→ YOUR OBJECTIVE
Without any of the pictures, set down the data below exactly.

[[ COLLECTED MATERIAL, beginning ]]

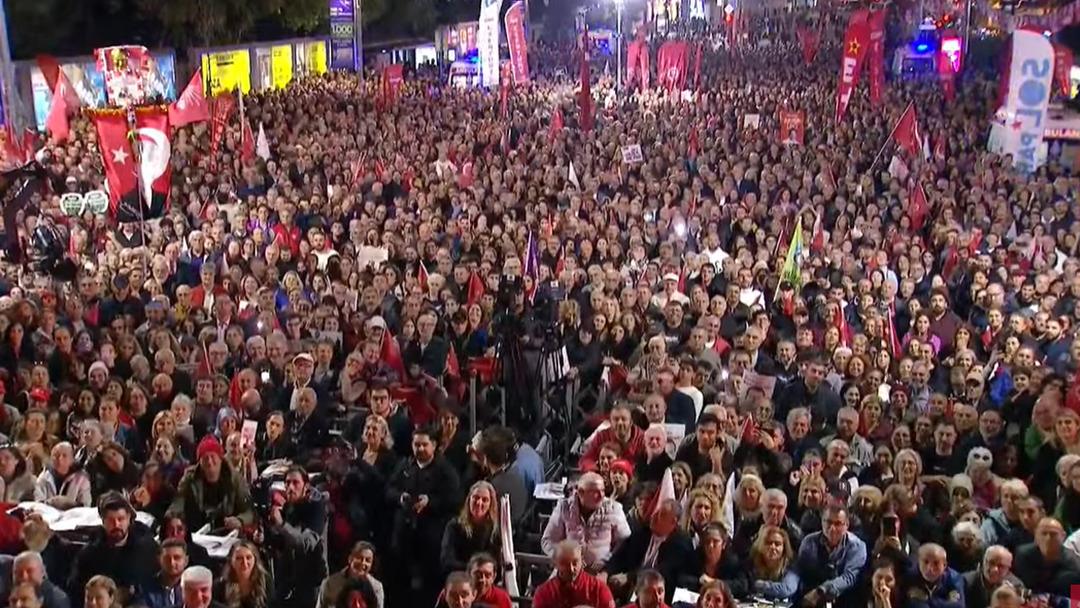 CHP Genel Başkanı Özgür Özel: "Yargılanmak için değil yargılamak için bekliyoruz" 1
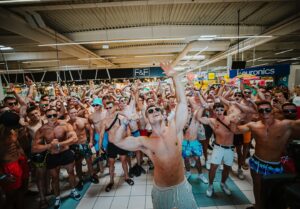 Pumped Gabo Instagram - IV hagyományőrző félmeztelen Tescoba menés a testvéreimmel♥️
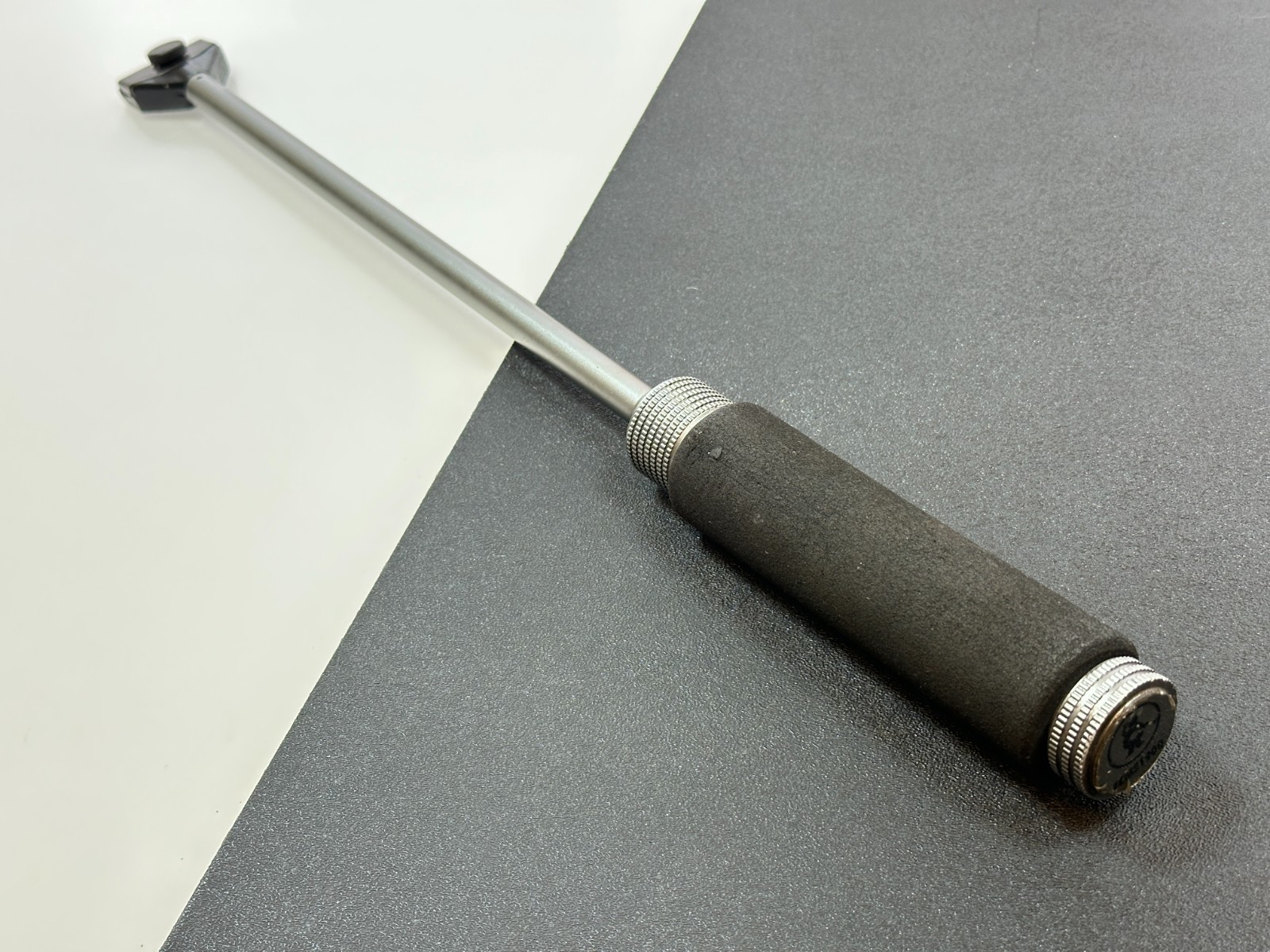 Cornwell Tools ECMS1900 Monster Scraper Tool, Aluminum Body, Comfort Grip, 19” L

[[ COLLECTED MATERIAL, end ]]

→ RESULT OF THIS EXERCISE
 CHP Genel Başkanı Özgür Özel: "Yargılanmak için değil yargılamak için bekliyoruz" 1
 Pumped Gabo Instagram - IV hagyományőrző félmeztelen Tescoba menés a testvéreimmel♥️
 Cornwell Tools ECMS1900 Monster Scraper Tool, Aluminum Body, Comfort Grip, 19” L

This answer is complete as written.